> [INSTRUCTIONS TO FOLLOW]
Would you reproduce exactly the lines below from the one holding "Illovo Beach Apartment" through the one holding "Broche de aleación", inclusive, and no others?

> [EXERCISE DATA]
= Beginning of Section =

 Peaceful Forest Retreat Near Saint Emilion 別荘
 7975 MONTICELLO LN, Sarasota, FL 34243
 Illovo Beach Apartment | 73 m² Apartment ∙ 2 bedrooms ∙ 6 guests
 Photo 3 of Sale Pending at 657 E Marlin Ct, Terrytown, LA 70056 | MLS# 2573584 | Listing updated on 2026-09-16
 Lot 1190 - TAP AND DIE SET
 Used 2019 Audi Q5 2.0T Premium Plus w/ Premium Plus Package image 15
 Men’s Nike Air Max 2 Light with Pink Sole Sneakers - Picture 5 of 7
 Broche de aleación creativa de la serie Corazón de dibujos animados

= End of Section =
= Beginning of Section =

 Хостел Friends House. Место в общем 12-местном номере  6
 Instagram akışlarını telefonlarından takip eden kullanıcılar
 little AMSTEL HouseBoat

= End of Section =

> [COMPLETED TASK]
 Illovo Beach Apartment | 73 m² Apartment ∙ 2 bedrooms ∙ 6 guests
 Photo 3 of Sale Pending at 657 E Marlin Ct, Terrytown, LA 70056 | MLS# 2573584 | Listing updated on 2026-09-16
 Lot 1190 - TAP AND DIE SET
 Used 2019 Audi Q5 2.0T Premium Plus w/ Premium Plus Package image 15
 Men’s Nike Air Max 2 Light with Pink Sole Sneakers - Picture 5 of 7
 Broche de aleación creativa de la serie Corazón de dibujos animados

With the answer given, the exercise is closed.